Global markets usually weaken as wars approach, strengthen long before wars end and treat human calamity with breathtaking indifference.
That’s been a common historical pattern, anyway. And, with some important caveats, it seems to be playing out with Russia’s latest aggression toward Ukraine.
President Vladimir V. Putin of Russia has already rattled stock, bond and commodity markets around the world. On Tuesday, U.S. stocks stumbled, with the S&P 500 falling 1 percent, into what Wall Street calls a correction — a decline of least 10 percent from the most recent high.
The escalating conflict has shifted the value of mutual funds and exchange-traded funds in millions of retirement accounts, even for people who have not thought deeply about Eastern Europe and who have never invested directly in oil, gas or other commodities.
Mr. Putin’s announcement on Sunday that he was recognizing the sovereignty of two Russian-dominated breakaway Ukrainian regions and ordering Russian troops represented a serious increase in the risks of a much wider war.
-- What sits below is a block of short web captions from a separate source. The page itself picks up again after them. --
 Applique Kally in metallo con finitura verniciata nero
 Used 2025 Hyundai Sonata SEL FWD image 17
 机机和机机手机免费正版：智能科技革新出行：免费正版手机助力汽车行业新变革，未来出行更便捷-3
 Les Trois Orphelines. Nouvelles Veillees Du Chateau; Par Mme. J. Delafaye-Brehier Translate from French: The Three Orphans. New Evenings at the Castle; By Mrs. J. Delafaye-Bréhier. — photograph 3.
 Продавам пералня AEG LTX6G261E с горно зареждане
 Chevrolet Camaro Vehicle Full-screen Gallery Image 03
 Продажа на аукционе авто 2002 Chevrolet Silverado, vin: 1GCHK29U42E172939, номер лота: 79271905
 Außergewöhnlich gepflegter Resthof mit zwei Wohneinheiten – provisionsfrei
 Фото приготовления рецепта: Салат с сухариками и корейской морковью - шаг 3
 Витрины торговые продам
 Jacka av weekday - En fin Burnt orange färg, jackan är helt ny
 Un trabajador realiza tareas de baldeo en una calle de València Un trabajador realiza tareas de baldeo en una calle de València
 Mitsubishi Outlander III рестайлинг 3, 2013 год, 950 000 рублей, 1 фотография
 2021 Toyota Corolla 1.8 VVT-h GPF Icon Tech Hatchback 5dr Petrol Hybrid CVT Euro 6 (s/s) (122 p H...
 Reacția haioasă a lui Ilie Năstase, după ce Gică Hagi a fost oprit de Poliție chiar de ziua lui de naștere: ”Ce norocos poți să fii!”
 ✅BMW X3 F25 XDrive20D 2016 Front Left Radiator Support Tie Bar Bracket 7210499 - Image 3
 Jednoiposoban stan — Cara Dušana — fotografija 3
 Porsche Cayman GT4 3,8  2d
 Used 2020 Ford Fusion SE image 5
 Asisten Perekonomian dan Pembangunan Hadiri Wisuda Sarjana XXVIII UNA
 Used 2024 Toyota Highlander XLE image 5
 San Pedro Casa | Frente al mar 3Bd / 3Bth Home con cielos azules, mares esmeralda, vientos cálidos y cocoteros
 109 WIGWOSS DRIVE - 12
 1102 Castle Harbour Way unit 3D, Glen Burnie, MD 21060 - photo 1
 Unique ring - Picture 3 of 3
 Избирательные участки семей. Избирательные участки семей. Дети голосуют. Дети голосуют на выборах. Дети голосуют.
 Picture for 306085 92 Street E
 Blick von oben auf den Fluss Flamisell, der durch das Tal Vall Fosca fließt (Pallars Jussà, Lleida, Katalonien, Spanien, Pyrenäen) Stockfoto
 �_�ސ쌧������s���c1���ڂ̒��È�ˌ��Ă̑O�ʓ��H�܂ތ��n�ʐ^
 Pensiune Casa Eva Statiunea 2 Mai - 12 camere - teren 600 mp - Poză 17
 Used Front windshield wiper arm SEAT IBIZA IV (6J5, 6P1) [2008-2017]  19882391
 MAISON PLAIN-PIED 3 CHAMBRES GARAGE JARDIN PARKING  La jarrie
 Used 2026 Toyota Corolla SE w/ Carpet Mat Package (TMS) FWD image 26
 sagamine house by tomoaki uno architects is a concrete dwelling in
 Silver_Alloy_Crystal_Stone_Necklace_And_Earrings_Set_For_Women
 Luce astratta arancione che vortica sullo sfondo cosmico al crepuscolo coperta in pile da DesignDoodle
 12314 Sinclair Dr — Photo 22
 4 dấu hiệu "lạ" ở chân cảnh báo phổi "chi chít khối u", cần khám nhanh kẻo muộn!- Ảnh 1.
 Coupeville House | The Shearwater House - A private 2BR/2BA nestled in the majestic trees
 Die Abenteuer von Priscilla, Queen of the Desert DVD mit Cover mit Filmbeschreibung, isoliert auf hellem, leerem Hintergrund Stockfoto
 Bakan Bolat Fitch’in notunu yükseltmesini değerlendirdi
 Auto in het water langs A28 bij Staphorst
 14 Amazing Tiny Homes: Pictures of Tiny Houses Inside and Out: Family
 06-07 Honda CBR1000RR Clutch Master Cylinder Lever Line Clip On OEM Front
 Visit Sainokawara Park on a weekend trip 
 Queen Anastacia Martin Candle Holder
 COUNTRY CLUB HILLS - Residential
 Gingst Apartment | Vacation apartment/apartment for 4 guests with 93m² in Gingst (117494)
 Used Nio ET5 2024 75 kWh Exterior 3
Where the conflict may be heading exactly isn’t clear, but the short-term market implications are. “The near-term consequences for markets are relatively simple,” said Claus Vistesen, chief eurozone economist for the research firm Pantheon Macroeconomics. “Energy prices will keep rising, and equities will keep falling.”
Pockets of profit
Not all stocks have been falling, of course. Rising oil and gas prices have bolstered the S&P 500’s energy sector, the best performer this year, with a return of 21.8 percent through Monday. This came even as the overall index, which often serves as a proxy for the entire stock market, has fallen 8.8 percent.
Energy companies like Halliburton, Occidental Petroleum and Schlumberger are leading the S&P 500. And American investors have nearly $140 billion stashed in commodity E.T.F.s, mainly those focused on energy, like the $35 billion Energy Select SPDR Fund, which has returned 23.4 percent through Monday.
But the overall stock market has been afflicted by multiple troubles: fears of rising interest rates, sizzling inflation and continuing supply-chain bottlenecks. Russian threats to Ukraine are likely to whipsaw the market further.
Even so, long-term investors with well-diversified portfolios of stocks and high-quality bonds — whether held directly or through low-cost mutual funds and exchange-traded funds — will probably be able to ride out this crisis, as they have so many others.
While stocks often fall amid global turmoil, U.S. Treasury bonds tend to rally as investors seek havens and drive up their prices. Bond prices and yields move in opposite directions, and because interest rates are rising, Treasuries have declined in value this year. But in a major stock downturn, they usually provide a short-term buffer for portfolios that contain them.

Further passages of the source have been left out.